- Directions for this task
Below this task are records; return each one exactly and omit its images.
Start of The records
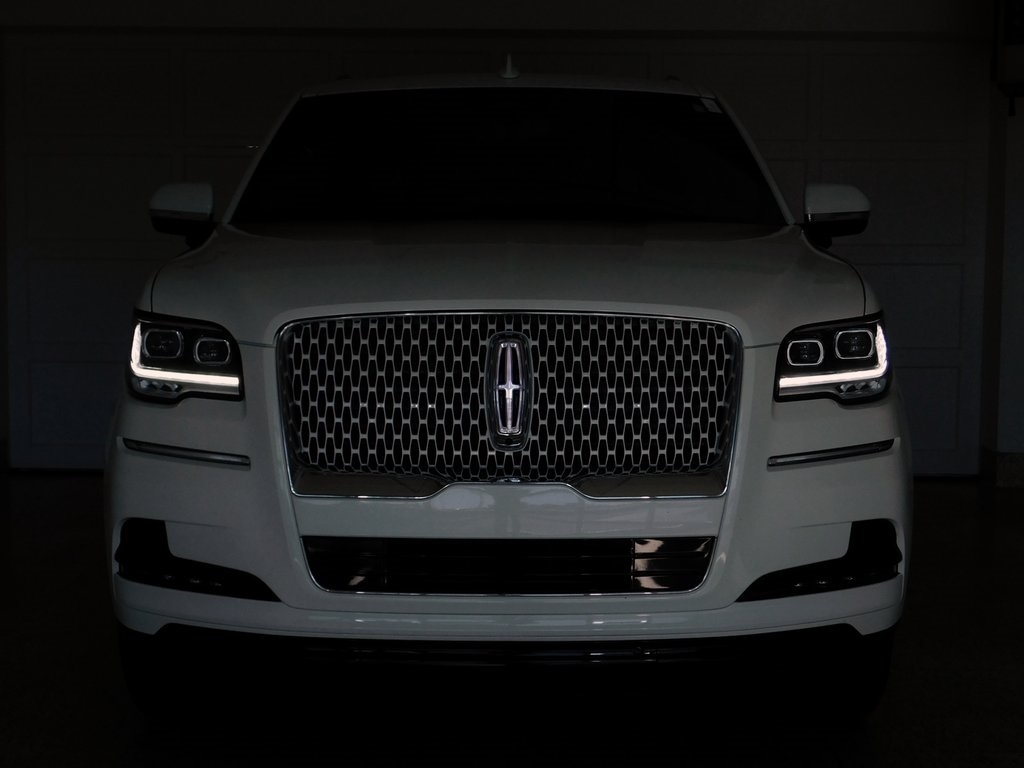 Lincoln Navigator Reserve 2024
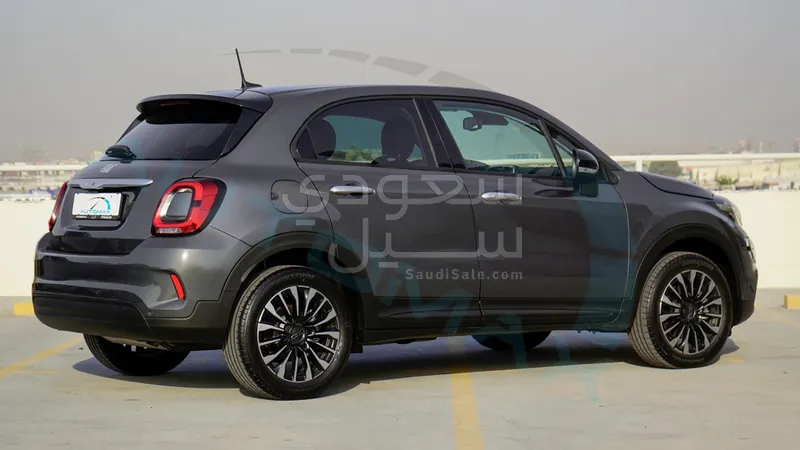 2024 فيات 500 اكس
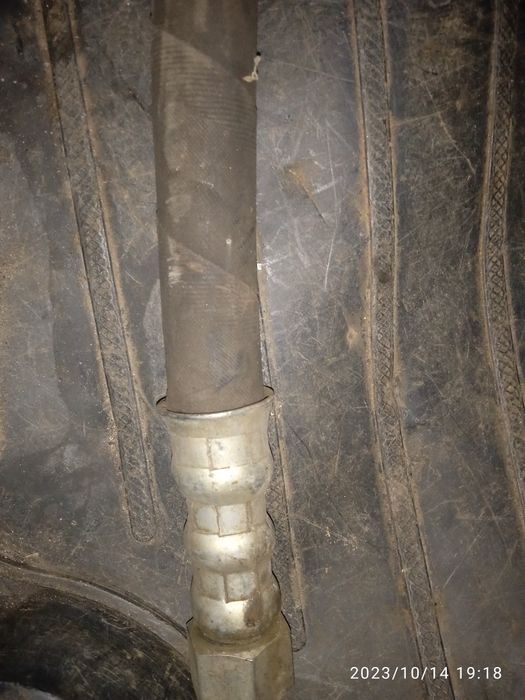 Гідравлічний шланг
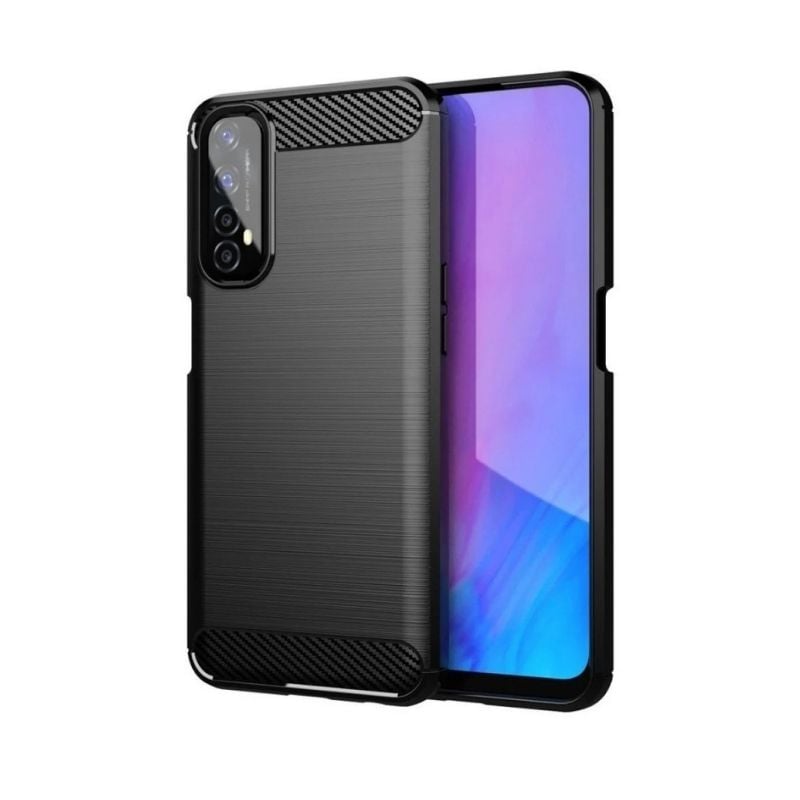 CARBON FLEXIBLE CASE SHOPRANO - REALME 7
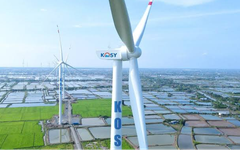 Chủ tịch Kosy Group bị bán giải chấp hơn 560.000 cổ phiếu KOS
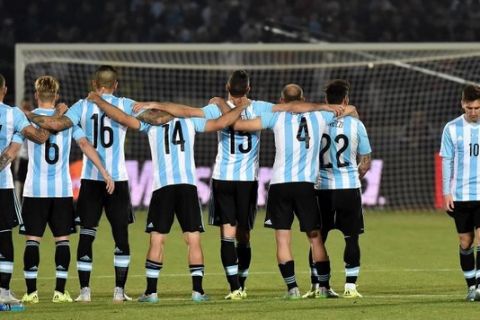 Ο Μέσι θέλει διάλειμμα από την Αργεντινή 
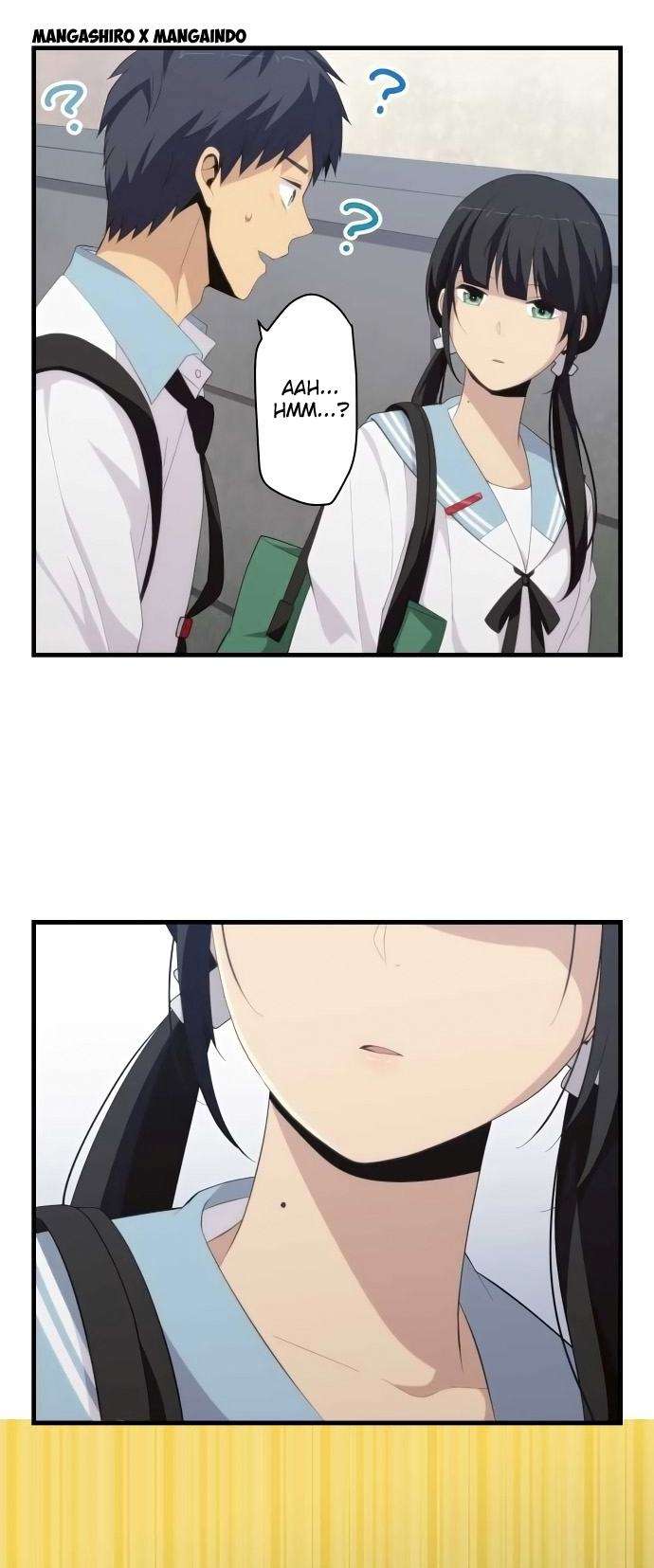 ReLIFE Bab 156 halaman 8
End of The records
- Output of the task
 Lincoln Navigator Reserve 2024
 2024 فيات 500 اكس
 Гідравлічний шланг
 CARBON FLEXIBLE CASE SHOPRANO - REALME 7
 Chủ tịch Kosy Group bị bán giải chấp hơn 560.000 cổ phiếu KOS
 Ο Μέσι θέλει διάλειμμα από την Αργεντινή 
 ReLIFE Bab 156 halaman 8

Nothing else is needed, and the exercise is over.